Jonathan Homrighausen. Illuminating Justice: The Ethical Imagination of ‘The Saint John’s Bible’. Collegeville, MN: The Liturgical Press, 2018. 144 pages. $24.95.
Editor’s note: This review is part of our series on The Saint John’s Bible. For Associate Editor Karen McClain Kiefer’s introduction to our series, see here.
Since the completion in 2011 of The Saint John’s Bible, the first handwritten, illuminated Bible in 500 years, much has been written about the project, mostly by those who were involved in its creation. In Illuminating Justice: The Ethical Imagination of ‘The Saint John’s Bible’, a new voice enters the conversation and offers important insights and tools for consideration: Scripture scholar Jonathan Homrighausen.
Those who are unfamiliar with The Saint John’s Bible will find here a wonderful overview of the vision of the monks and all those who worked together to bring the project to life. And, as is the case in other books published previously by The Liturgical Press on The Saint John’s Bible, Illuminating Justice features many wonderful full-colour examples of illuminations and text treatments that grace the book’s vellum pages.
The thoughtful overview and images are reason enough to explore this volume. However, Homrighausen has also offered us an opportunity to dig deeper, to explore more fully what The Saint John’s Bible offers those who approach it. And in so doing, he continues in the spirit of what the monks, scholars and artists intended—creating space, space for ongoing interpretation, space for application, and space for spiritual inspiration.
The Saint John’s Bible is breathtaking, not only in its size and scope, but in its significant contribution to sacred arts. ‘The Saint John’s Bible is not just a work of art, however’, Homrighausen rightly notes. ‘This unique Bible functions as a work of Catholic biblical interpretation in visual form. By repeating visual motifs throughout its illuminations, this Bible creates connections between different parts of the canon and the issues of our own time—as if The Saint John’s Bible is a living, breathing entity creating “canonical conversations”’ (xvi).
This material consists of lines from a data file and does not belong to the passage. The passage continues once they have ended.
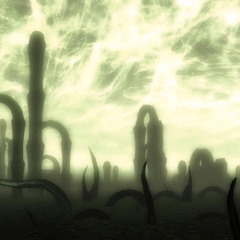 TRY AGAIN (prod. schemin)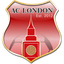 AC London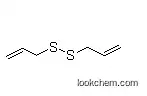 Disulfide,di-2-propenyl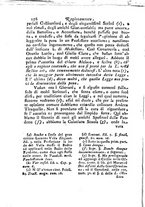 giornale/IEI0105849/1756/unico/00000170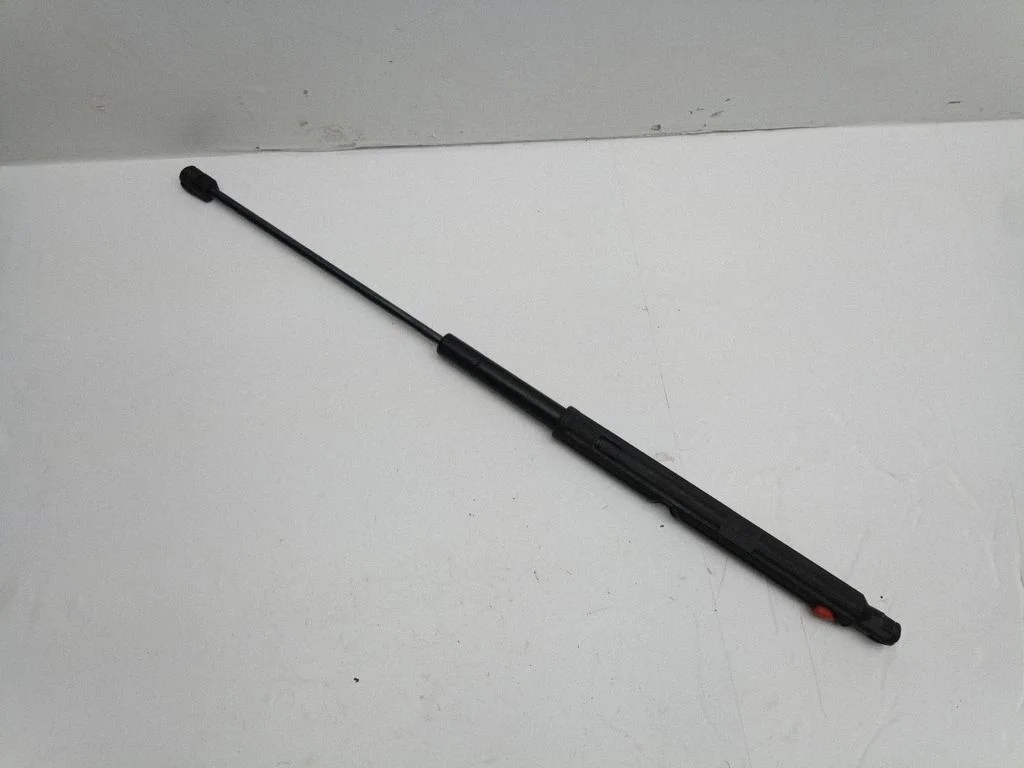 Front bonnet/hood damper/strut A1649800364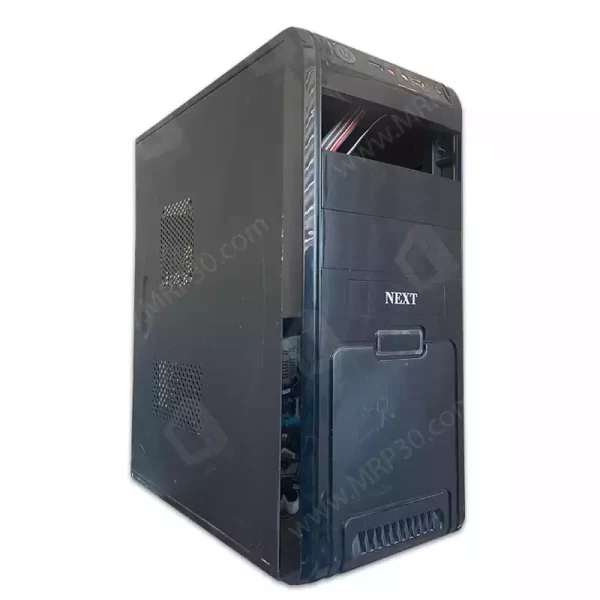 قاب کیس نکست NEXT 606B استوک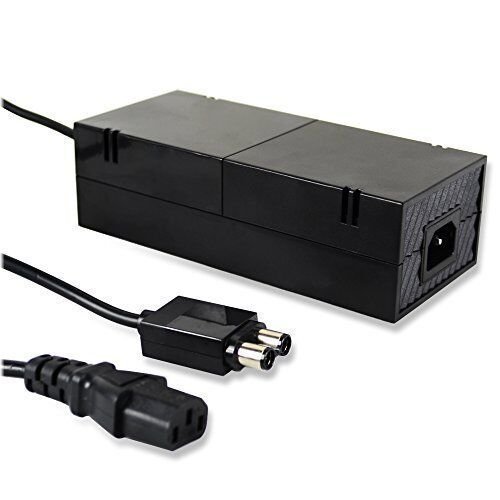 PowerLink XBOX One Console Charger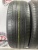 Michelin Latitude Sport R18 225/60 Michelin Latitude Sport R18 225/60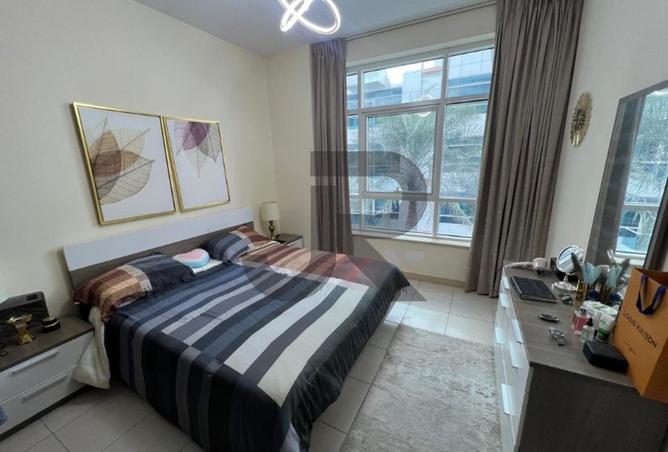 90924003 - Property Image 3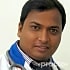 Dr. Jujare Ravikumar Homoeopath in Bangalore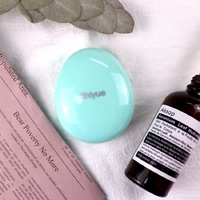 Set for a soft contact lens (Kits for contact lenses) MT8102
Homrighausen walks us through three such canonical conversations, each well researched and beautifully framed in the context of the ‘tree of life’ motif. First, he explores the family tree of Jesus, and the right relationship between Christianity, Jews and Judaism. Secondly, he tackles the ‘Tree of Knowledge, Tree of Life’, and the ways in which women, Wisdom, and gender enter the conversation. Thirdly, Homrighausen welcomes us into a discourse on ‘Every Living Tree’, considering the ways in which The Saint John’s Bible promotes creation care.
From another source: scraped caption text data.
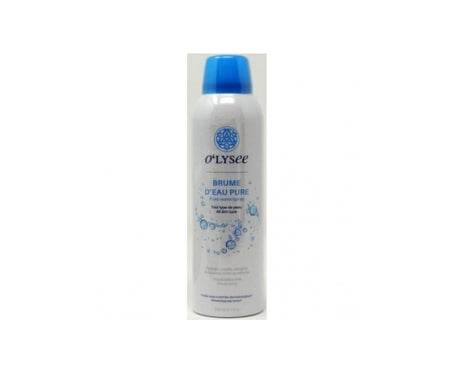 'O''Lysee Agua Pura 150ml'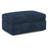 Upholstered Ottoman-86918040-86917997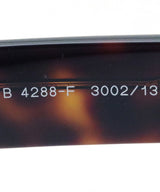 Venta de gafas de sol Burberry Burberry Be4288f 300213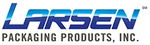 Larsen Packaging Products, Inc.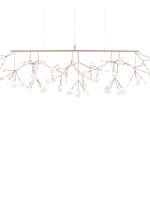 Moooi Heracleum III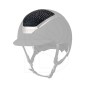 kswater-inserto-kask-waterfence-blue-montana-mix.jpg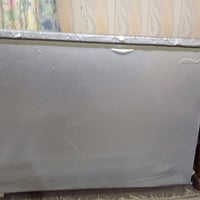 مجمدة • حجم كبير • سعر مناسب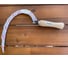 Серп 0.16" Truper HP-0 15120 5
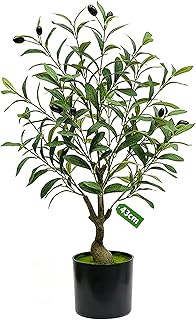 Mumoo Cat Artificial Tree with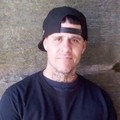 Paul Forbes missing person case in Clayton, Delaware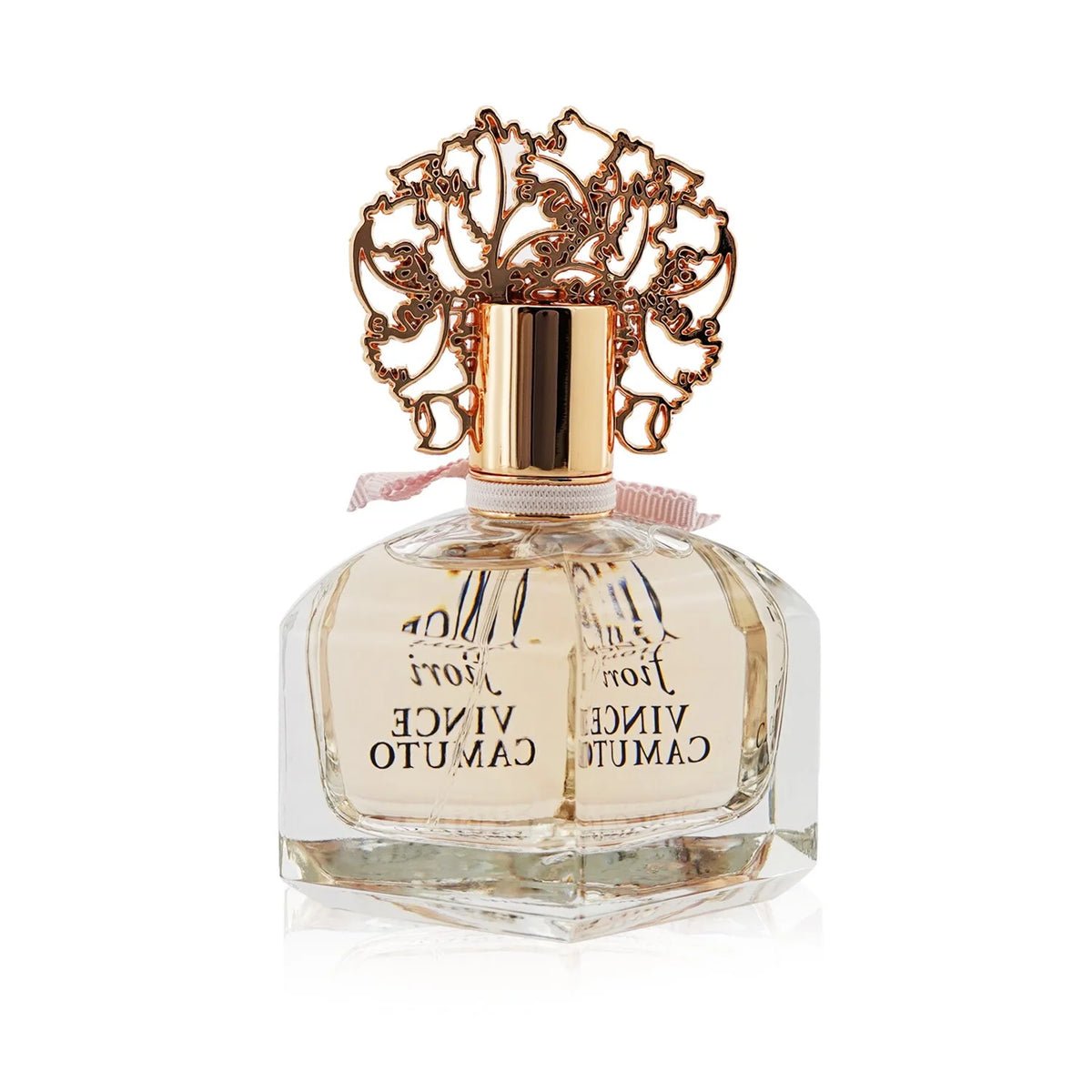 Fiori Eau De Parfum Spray 100ml/3.4oz P35872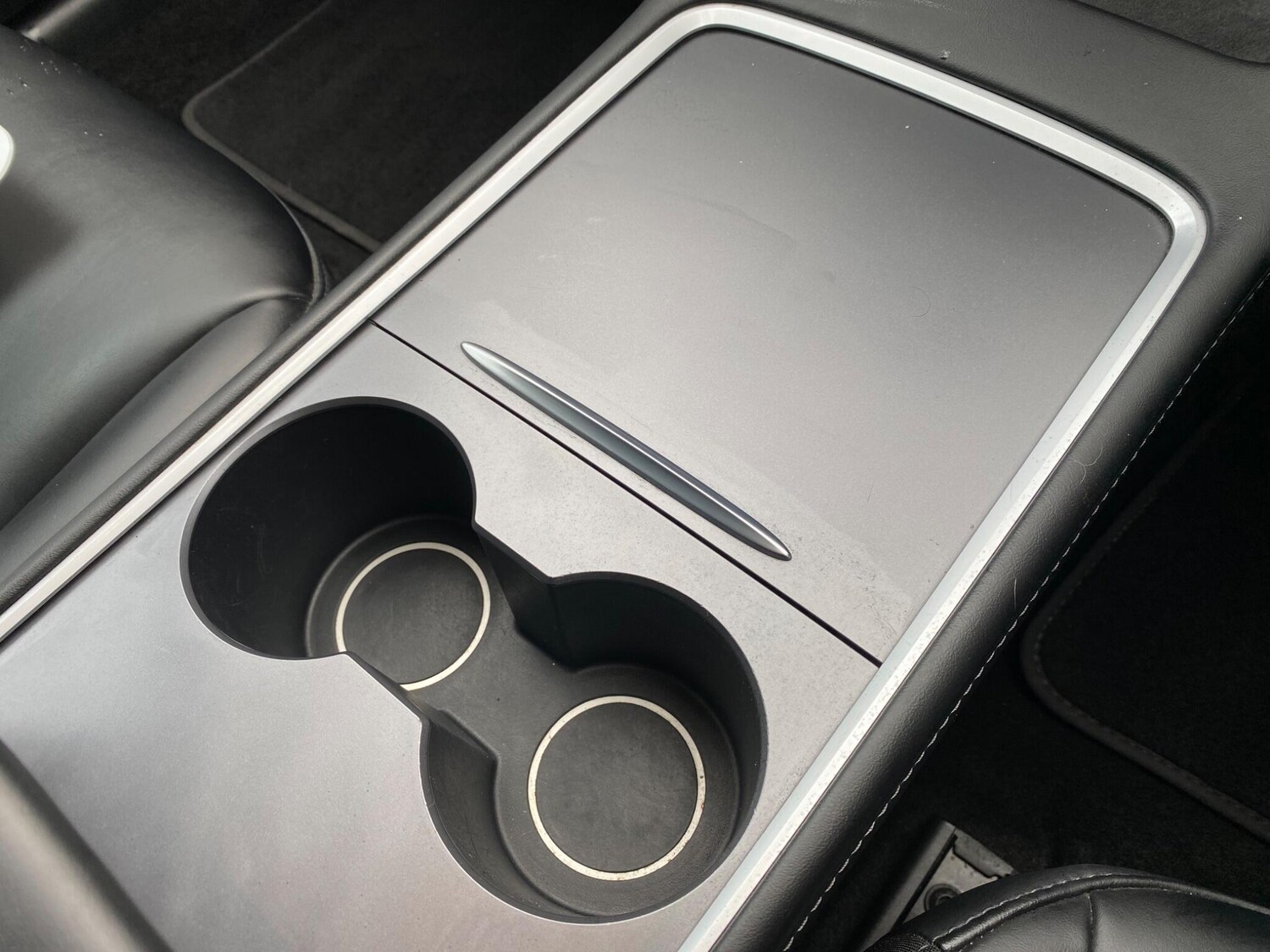 Used Tesla Model 3 2021 for sale - 77291523: Photo 40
At first, I really struggled with the fact that Homrighausen, in choosing a title such as Illuminating Justice, seemed to ignore, or not specifically address, some of the core tenants of Catholic Social Teaching, and more broadly the tradition of Christian social thought overall. There is, for instance, no discussion of the preferential option for the poor here, or a specific undertaking to consider poverty directly. Nor does the book address current hot-button issues such as immigration, abortion, health care, racism, or the death penalty. As a ‘social justice Catholic’, I found this to be quite disappointing.
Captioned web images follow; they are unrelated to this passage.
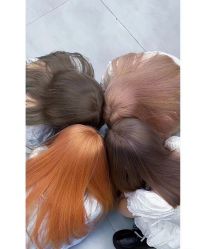 点击看大图 -生活大师造型馆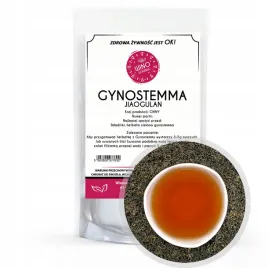 herbata-ziolowa-gynostemma-lisciasta-100g-jiaogulan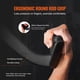 thumbnail image 3 of Acoplamiento para máquina de cables VEVOR LAT Pulldown con barra en V y tríceps, 3 of 9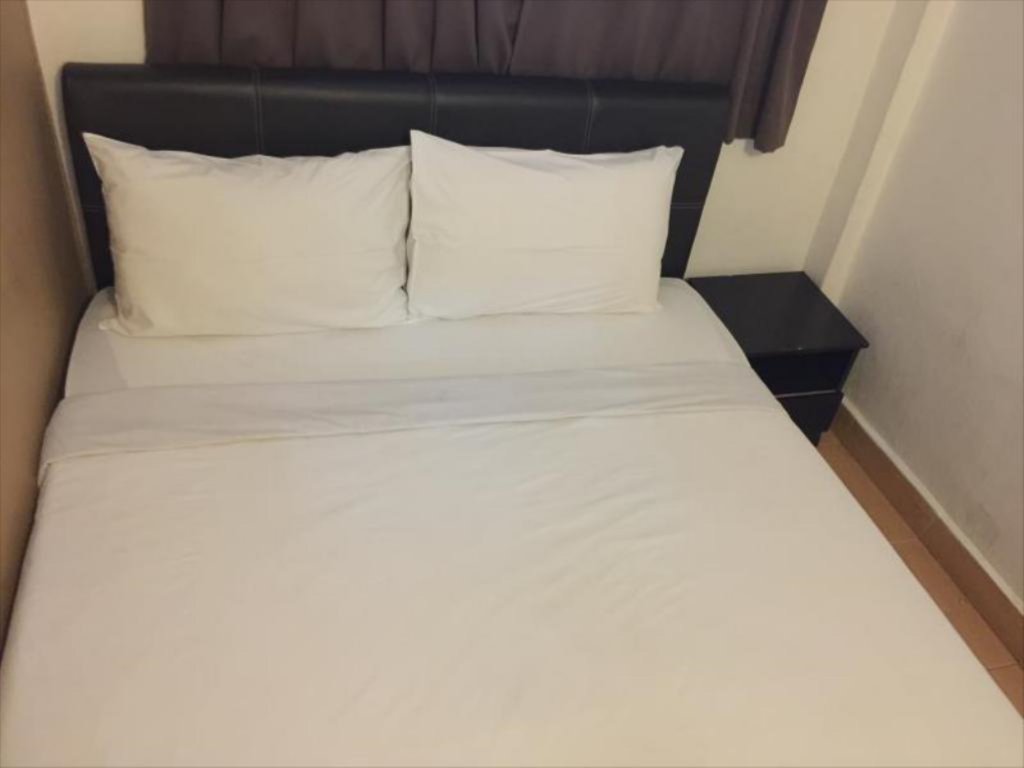 Фото Suntec Hotel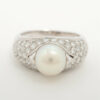 BvlgariPearldiamondrings750_WG_9.1gApprox.8.5mm2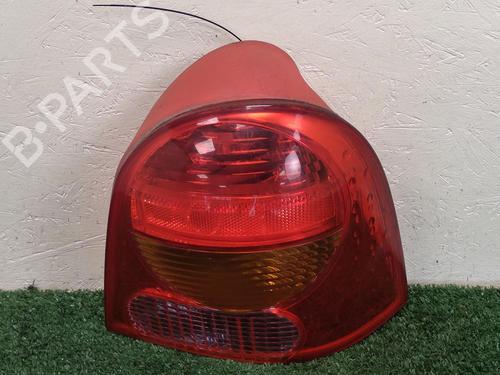 Used Right taillight Right taillight 29948902 29948902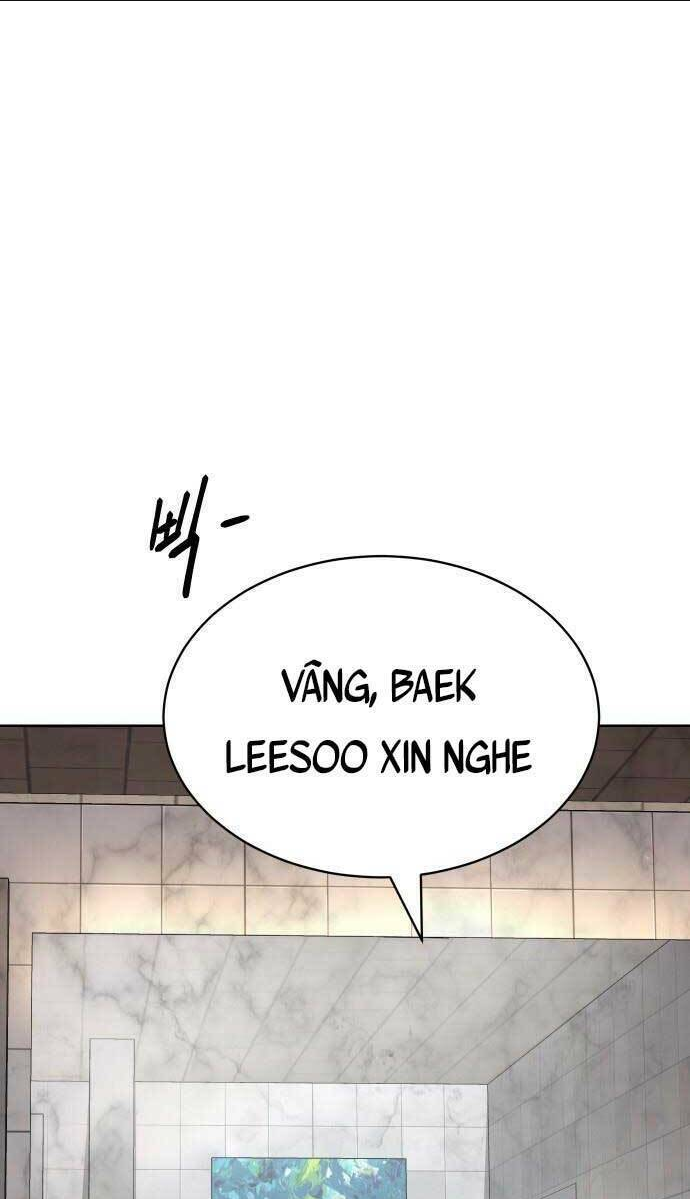 đặc vụ song sinh chapter 1.5 - Next chapter 2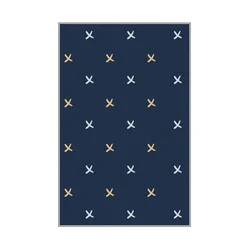 CONCEPTUM HYPNOSE Tepih (80 x 120) WOOKECE135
However, as I continued to read and reconsider Homrighausen’s choices, I realized that in many ways he was embodying the intentional creation of space alluded to above. And, through his focus on interfaith dialogue, women, and creation, he opens the door for the consideration of other topics, both through those three themes and through one’s own reflection and practice of visio divina, which The Saint John’s Bible offers us. Like the familiar and ancient practice of lectio divina, visio divina is a prayerful way of approaching a text; in the case of an illuminated Bible, the texts in play are the images, or illuminations. The visio divina process has six steps: listening and meditating on Scripture, seeing with eyes of faith as you gaze on a particular illumination, praying to God, contemplating the Spirit’s movements, and reflecting on how you might further become Christ-like because of the reflection. 
Thus, Homrighausen provides the opportunity to consider poverty through the women featured in The Saint John’s Bible and the way gender is presented throughout the project. The same could be true for other examples of our time, for instance, how immigration is viewed by reflecting on the beauty and complexity of God’s creation, or how we might find common ground in our public life by reflecting on the ways in which interfaith dialogue is addressed. The opportunities for reflection are indeed limitless, and the invitation ongoing.
Michael Patella, a monk of Saint John’s Abbey and the head of the committee which oversaw the creation of The Saint John’s Bible, writes in the book’s forward, ‘Initially the idea was to do something grand, not simply write a Bible by hand and to include some good artwork’ (ix). Illuminating Justice proves that such a grand idea continues to be realized, and in it Homrighausen provides the space for each of us to be a part of it.